Are you all right? Did you have enough to handle yesterday
?
    “What the hell do we do with him?” Hayden asked. He was still standing closer to Brand than the rest of us, hugging himself to try to preserve some of the warmth from sleep. “I mean, Boris was all over the place, from what I hear. But Brand… we have to do something. Bury him, or something. It’s Christmas, for God’s sake.”
    “The ground’s like iron,” I protested.
    “So we take it in turns digging,” Rosalie said quietly.
    “It’ll take us—”
    “Then I’ll do it myself.” She walked out into the bloodied snow and shattered glass in bare feet, bent over Brand’s body and grabbed under each armpit as if to lift him.
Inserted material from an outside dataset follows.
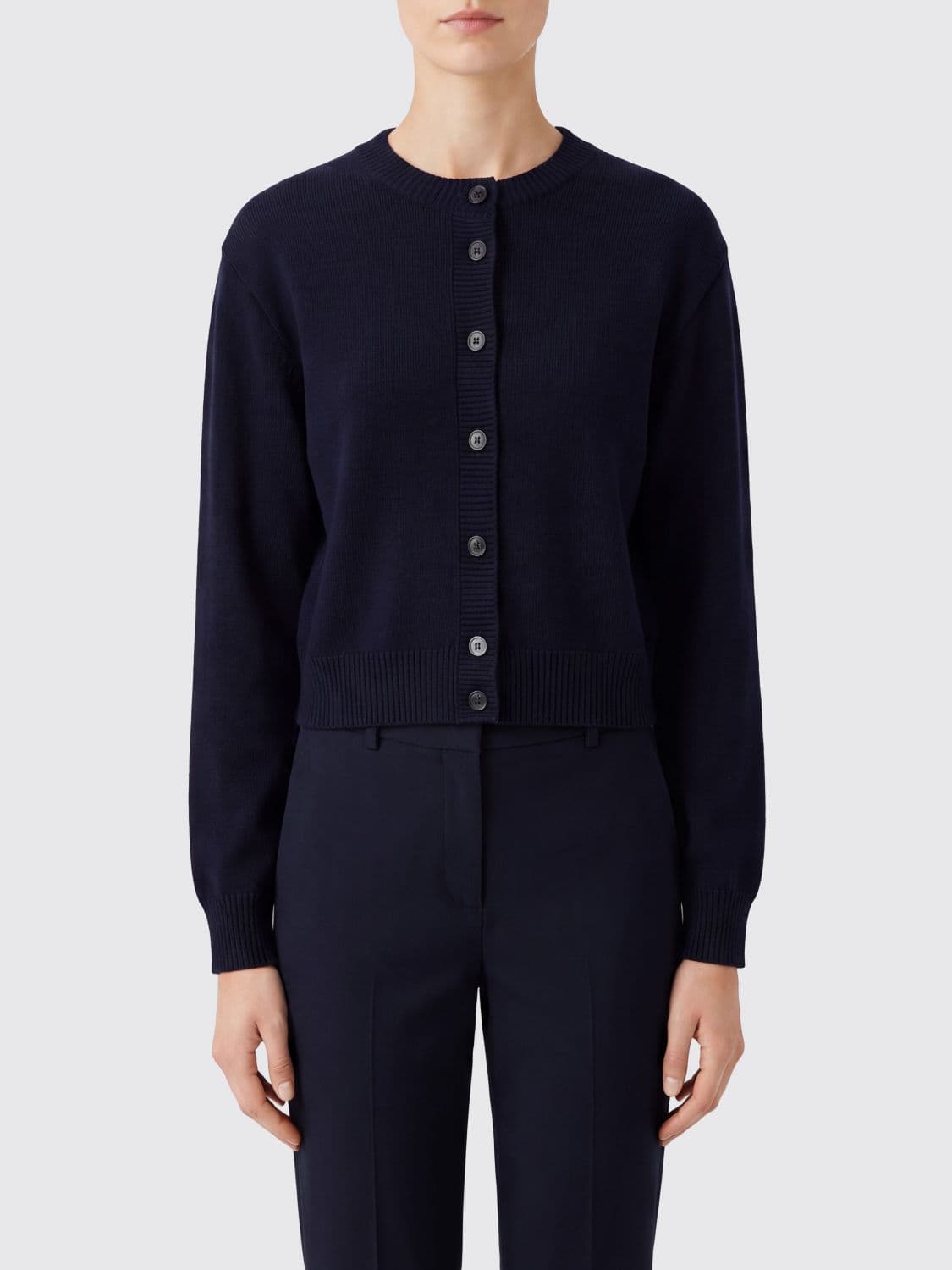 Rohe Crewneck Cardigan in Pure Merino Wool with Ribbed Trims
She was naked beneath the shirt. Hayden stared in frank fascination. I turned away, embarrassed for myself more than for Rosalie.
    “Wait,” Ellie sighed. “Rosalie, wait. Let’s all dress properly, and then we’ll come and bury him. Rosalie.” The girl stood and smoothed Brand’s shirt down over her thighs, perhaps realizing what she had put on display. She looked up at the sky and caught the morning’s first snowflake on her nose.
    “Snowing,” she said. “Just for a fucking change.”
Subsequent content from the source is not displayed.